Authors: Marine NEYRET (Institut Louis Bachelier DataLab), Pierre SEVESTRE (Société Générale, DataLab IGAD)
For more details, see the ArXiv's version of the paper
In this work, we propose an experimental pipeline to challenge the robustness of Graph Representation Learning (GRL) models to properties encountered on transactional graphs from a bank perspective. The bank does not have a complete view of all transactions being performed on the market, and the resulting subgraph is sparser than the complete graph of transactions, restricted to transactions involving one of its clients, resulting in the following specificities:
- Graph sparsity A large part of the transactions occuring between non-clients are not available from the bank point of view;
- Asymmetric node information More attributes are available for the clients than for non-clients.
To analyze the behavior of GRL models when dealing with transactional graph specificities, two preprocessors are created to deteriorate a full graph to match either graph sparsity or asymmetric node information characteristic.
While results are reported on four commonly used graph in the litterature (Pubmed, CoAuthor CS, Amazon Computer and Reddit), the pipeline can easily be used on other graphs.
Preprocessors details:
The sampler processor deals with graph sparsity:
- Sample a portion of nodes that will act as client nodes,
- Remove any edge not connected to this subset of nodes.
The features_sampler handles asymmetric node information:
- Sample a portion of nodes that will act as client nodes, the remaining ones being non-client nodes,
- Remove any edge not connected to this subset of nodes,
- Deteriorate a portion of node features for non-clients nodes.
Parameters:
sampling_ratio
: portion of nodes to be considered as clients,features_sampling_ratio
(only for features_sampler): portion of node features to be deteriorated.
You can create your own preprocessor to experiment any other graph characteristic in preprocessor.py
by inheriting from the Preprocessor
class. You must define the internal function _process
that performs the graph modifications.
Implemented and tested on the following environment:
- Linux (RHEL v7.9) with Tesla V100-PCIE-16GB
- Python 3.7
- Pytorch 1.5.1 and DGL 0.6.1
To use this experimental pipeline:
- Clone the repository
- Install the dependencies.

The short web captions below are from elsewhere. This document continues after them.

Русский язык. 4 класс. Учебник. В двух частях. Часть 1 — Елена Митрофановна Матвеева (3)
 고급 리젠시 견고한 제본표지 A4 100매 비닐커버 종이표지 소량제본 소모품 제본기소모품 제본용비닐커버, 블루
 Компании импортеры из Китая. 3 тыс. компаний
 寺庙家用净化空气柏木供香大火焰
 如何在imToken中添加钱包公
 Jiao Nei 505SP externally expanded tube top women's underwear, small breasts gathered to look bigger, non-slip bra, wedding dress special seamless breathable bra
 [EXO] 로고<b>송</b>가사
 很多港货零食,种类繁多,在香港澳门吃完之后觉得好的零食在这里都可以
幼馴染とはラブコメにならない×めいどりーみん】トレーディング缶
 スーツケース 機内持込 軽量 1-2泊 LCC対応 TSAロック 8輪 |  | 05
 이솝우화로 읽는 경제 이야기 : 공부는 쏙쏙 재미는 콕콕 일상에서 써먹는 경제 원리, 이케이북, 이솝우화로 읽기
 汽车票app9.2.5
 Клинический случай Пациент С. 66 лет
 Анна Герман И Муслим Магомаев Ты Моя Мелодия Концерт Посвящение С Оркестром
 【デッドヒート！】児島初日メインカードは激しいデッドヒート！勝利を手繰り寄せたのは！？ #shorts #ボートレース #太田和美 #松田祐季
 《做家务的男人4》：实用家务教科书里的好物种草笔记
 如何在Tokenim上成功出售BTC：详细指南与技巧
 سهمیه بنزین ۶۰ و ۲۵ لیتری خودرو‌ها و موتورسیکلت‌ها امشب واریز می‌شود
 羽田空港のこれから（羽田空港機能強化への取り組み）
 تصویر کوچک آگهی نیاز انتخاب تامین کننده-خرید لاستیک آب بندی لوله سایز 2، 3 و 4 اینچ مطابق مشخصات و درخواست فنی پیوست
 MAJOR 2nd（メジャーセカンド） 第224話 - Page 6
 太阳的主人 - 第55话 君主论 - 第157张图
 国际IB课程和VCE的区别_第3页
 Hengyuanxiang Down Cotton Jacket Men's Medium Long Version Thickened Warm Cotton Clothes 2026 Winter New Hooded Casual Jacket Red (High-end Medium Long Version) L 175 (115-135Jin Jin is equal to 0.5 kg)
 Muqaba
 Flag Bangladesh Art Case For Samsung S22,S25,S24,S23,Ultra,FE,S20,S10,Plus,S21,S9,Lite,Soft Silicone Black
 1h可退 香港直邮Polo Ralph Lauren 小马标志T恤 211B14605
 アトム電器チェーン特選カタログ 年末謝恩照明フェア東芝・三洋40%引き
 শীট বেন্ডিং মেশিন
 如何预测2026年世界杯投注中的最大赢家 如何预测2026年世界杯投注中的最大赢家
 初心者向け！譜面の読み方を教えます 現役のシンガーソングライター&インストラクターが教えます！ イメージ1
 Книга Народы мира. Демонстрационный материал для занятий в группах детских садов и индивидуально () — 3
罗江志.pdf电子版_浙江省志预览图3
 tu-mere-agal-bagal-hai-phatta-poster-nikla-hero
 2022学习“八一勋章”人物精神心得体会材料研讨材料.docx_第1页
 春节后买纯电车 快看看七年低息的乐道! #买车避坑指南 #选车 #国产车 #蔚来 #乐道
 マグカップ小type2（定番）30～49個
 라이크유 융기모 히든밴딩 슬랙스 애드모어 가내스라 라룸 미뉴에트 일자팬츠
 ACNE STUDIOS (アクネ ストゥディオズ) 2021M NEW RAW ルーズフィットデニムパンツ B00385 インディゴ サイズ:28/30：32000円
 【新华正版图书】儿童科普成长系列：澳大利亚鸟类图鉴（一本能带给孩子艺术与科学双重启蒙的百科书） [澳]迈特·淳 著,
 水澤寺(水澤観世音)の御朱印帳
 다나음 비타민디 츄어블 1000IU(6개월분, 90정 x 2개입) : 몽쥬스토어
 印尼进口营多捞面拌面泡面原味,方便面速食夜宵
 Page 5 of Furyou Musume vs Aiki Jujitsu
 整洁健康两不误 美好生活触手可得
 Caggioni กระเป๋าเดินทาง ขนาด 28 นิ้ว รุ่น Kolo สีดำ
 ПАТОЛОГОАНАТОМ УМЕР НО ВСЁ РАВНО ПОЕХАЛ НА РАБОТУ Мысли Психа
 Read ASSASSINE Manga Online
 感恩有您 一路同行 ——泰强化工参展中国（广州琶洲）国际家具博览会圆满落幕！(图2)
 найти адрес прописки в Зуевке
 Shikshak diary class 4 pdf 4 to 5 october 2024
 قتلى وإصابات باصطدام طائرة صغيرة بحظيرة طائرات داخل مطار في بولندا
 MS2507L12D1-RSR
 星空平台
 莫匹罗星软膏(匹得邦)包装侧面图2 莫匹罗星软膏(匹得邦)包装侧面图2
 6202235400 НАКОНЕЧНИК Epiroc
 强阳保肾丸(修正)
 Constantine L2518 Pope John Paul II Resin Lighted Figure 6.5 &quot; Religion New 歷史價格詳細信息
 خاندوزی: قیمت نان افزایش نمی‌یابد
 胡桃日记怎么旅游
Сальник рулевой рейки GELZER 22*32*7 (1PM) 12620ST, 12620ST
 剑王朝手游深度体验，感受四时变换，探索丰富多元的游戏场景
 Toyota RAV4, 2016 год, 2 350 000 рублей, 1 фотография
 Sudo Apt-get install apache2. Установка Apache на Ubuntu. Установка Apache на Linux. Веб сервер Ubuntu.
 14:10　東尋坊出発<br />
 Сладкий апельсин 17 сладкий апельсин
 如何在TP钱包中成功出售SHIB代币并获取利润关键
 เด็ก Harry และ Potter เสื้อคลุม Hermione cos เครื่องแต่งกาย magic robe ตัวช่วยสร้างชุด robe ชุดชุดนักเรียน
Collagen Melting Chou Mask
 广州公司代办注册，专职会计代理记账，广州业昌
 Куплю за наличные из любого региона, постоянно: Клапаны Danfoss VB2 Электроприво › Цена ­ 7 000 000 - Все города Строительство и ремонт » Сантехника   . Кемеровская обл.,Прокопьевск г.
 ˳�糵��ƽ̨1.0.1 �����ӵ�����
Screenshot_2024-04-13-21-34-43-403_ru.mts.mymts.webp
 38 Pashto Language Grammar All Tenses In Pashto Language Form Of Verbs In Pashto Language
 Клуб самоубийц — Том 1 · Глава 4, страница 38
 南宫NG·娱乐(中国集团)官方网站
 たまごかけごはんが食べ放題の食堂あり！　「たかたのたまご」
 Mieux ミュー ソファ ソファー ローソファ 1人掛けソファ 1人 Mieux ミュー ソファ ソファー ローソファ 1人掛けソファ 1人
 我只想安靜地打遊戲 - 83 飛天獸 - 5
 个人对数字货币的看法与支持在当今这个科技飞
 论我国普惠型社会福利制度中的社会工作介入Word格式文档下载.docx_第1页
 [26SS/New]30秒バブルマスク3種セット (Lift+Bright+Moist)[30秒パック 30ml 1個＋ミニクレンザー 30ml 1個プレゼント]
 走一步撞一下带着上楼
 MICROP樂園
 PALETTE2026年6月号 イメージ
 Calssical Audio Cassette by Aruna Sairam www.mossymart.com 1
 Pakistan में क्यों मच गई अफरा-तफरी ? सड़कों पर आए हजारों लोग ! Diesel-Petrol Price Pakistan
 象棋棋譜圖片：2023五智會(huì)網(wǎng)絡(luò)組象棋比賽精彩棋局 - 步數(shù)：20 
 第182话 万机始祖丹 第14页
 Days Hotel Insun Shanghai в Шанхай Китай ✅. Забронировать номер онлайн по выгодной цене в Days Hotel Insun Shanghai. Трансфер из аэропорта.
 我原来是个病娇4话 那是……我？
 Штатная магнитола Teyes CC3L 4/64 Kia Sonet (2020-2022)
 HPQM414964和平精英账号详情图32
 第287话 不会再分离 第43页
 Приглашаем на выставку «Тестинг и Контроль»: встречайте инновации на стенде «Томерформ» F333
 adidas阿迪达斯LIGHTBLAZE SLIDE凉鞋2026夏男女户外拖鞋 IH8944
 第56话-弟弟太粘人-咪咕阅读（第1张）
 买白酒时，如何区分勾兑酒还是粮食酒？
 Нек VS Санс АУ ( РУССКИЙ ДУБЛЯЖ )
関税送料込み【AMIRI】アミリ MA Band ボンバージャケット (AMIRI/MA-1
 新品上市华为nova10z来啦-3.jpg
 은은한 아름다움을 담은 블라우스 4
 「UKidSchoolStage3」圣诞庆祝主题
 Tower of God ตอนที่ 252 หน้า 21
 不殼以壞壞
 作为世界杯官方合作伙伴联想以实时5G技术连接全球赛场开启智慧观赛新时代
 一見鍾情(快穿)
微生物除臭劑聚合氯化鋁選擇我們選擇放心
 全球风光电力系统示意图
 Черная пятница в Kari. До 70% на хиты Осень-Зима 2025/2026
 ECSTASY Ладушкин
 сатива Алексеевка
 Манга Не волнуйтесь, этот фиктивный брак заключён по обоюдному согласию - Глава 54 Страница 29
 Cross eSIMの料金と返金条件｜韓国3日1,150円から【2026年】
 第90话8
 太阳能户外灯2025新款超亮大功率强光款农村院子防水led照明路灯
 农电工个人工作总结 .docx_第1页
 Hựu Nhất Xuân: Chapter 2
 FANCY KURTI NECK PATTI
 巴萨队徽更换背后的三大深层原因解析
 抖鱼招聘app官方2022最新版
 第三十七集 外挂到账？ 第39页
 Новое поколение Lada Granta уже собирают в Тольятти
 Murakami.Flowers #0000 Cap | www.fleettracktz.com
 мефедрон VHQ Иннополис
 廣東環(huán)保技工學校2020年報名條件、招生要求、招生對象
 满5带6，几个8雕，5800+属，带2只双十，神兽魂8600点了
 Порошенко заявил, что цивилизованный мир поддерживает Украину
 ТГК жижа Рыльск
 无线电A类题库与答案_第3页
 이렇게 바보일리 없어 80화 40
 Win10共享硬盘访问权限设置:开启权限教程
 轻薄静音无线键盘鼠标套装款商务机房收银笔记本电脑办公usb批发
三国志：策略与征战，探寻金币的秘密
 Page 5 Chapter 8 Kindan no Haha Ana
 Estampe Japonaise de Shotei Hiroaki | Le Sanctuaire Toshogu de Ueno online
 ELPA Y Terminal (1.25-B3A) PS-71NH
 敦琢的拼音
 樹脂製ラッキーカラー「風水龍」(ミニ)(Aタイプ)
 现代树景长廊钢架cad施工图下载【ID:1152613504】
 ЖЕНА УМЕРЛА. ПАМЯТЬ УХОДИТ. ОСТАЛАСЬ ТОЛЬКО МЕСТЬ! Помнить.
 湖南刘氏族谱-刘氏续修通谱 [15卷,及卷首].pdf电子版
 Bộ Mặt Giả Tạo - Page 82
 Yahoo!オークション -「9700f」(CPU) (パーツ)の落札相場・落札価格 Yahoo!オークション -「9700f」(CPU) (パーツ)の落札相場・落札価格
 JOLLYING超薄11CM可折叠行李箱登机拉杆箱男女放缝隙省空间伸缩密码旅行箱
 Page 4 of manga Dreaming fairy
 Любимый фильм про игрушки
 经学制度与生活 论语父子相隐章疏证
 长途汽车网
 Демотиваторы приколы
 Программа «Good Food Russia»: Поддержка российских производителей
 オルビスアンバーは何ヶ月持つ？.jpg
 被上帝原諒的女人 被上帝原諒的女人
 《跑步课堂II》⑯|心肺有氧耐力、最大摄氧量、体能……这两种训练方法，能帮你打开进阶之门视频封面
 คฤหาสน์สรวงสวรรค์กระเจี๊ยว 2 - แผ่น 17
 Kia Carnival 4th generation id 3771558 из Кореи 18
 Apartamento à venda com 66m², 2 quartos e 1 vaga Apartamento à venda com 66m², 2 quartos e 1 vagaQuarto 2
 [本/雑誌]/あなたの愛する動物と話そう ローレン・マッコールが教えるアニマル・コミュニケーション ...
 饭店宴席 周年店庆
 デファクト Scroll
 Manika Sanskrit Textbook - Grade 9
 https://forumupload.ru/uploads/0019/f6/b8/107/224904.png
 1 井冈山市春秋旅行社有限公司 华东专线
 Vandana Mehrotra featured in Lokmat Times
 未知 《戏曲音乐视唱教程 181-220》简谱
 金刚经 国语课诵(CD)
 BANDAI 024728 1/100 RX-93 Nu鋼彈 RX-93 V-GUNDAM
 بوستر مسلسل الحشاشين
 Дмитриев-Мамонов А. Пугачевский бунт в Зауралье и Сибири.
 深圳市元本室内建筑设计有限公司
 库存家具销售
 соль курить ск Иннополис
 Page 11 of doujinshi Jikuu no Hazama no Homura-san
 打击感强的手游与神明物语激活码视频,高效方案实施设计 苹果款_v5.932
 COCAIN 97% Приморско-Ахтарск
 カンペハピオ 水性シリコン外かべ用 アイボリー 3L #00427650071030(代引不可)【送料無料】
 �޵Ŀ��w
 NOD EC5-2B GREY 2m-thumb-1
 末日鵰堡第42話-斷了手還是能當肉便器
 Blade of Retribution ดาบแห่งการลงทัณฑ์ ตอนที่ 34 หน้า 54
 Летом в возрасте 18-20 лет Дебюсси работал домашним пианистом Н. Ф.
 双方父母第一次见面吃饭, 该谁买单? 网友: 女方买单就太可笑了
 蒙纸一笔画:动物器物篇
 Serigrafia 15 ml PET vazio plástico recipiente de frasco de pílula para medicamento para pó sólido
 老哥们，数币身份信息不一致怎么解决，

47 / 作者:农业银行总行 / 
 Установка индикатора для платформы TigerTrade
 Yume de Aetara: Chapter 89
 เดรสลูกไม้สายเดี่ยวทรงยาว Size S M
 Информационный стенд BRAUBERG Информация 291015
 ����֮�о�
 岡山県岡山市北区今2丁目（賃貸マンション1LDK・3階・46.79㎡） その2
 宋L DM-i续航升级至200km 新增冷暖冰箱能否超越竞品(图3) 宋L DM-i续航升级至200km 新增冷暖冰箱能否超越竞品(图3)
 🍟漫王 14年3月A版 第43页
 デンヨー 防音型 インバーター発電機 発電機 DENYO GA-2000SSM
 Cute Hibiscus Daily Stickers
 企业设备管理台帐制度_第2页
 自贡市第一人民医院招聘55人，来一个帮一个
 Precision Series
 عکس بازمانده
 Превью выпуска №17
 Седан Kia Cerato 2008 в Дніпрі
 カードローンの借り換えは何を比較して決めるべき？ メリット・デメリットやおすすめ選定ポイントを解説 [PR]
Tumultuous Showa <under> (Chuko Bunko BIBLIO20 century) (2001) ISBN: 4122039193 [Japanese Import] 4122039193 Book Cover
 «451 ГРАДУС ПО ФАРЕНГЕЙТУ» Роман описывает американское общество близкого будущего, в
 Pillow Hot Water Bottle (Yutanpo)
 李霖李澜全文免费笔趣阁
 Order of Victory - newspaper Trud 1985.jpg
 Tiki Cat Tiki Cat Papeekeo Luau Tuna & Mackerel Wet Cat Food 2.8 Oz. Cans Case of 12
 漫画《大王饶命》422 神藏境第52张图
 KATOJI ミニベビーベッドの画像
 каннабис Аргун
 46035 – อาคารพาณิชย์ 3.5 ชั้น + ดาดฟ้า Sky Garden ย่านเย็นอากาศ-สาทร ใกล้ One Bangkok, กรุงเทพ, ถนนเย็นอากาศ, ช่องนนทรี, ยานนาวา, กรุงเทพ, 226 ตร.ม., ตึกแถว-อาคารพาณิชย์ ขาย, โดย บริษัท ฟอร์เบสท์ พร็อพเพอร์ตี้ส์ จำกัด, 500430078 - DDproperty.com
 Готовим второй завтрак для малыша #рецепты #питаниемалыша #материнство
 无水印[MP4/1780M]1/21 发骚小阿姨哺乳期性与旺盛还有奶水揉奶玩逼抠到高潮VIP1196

The required Python libraries are listed in
requirements.txt
: runpip install -r requirements.txt
To run a GCN model (config defined in config/gcn.json
) for node classification on the full Pubmed dataset:
python main.py --config gcn --dataset pubmed --rep 1
Expected output:
INFO | 28-Jan-22 17:00:20 | Computing test metrics..
INFO | 28-Jan-22 17:00:20 | Accuracy: 0.786, Precision macro: 0.778, Recall macro: 0.788, F1 macro: 0.781
To run a GraphSage model (config defined in config/graphsage_lp.json
) for link prediction on the sampled Pubmed dataset (with 0.5 ratio):
python main_lp.py --config graphsage_lp --dataset pubmed --preprocessor sampler --sampling_ratio 0.5 --rep 1
Expected output:
INFO | 28-Jan-22 17:18:00 | Computing test metrics..
INFO | 28-Jan-22 17:18:00 | Precision lp: 0.542, Recall lp: 0.951, Accuracy lp: 0.573, F1 lp: 0.690, Auc lp: 0.741, Ap lp: 0.701, Nb removed edges: 00000, Accuracy removed edges: 00000
3 main files are available to run experiments for the different training procedure and downstream tasks, consisting in:
load_data
: starting from a DGL dataset, applies the preprocessor if needed, computes the train/validation/test masks, and stores the usefull data for training and evaluation into a dictionnary,main
: trains one model and evaluates its performances.
Results, logging, checkpoints models, source code and config are automatically saved according to the path registered in the configuration file.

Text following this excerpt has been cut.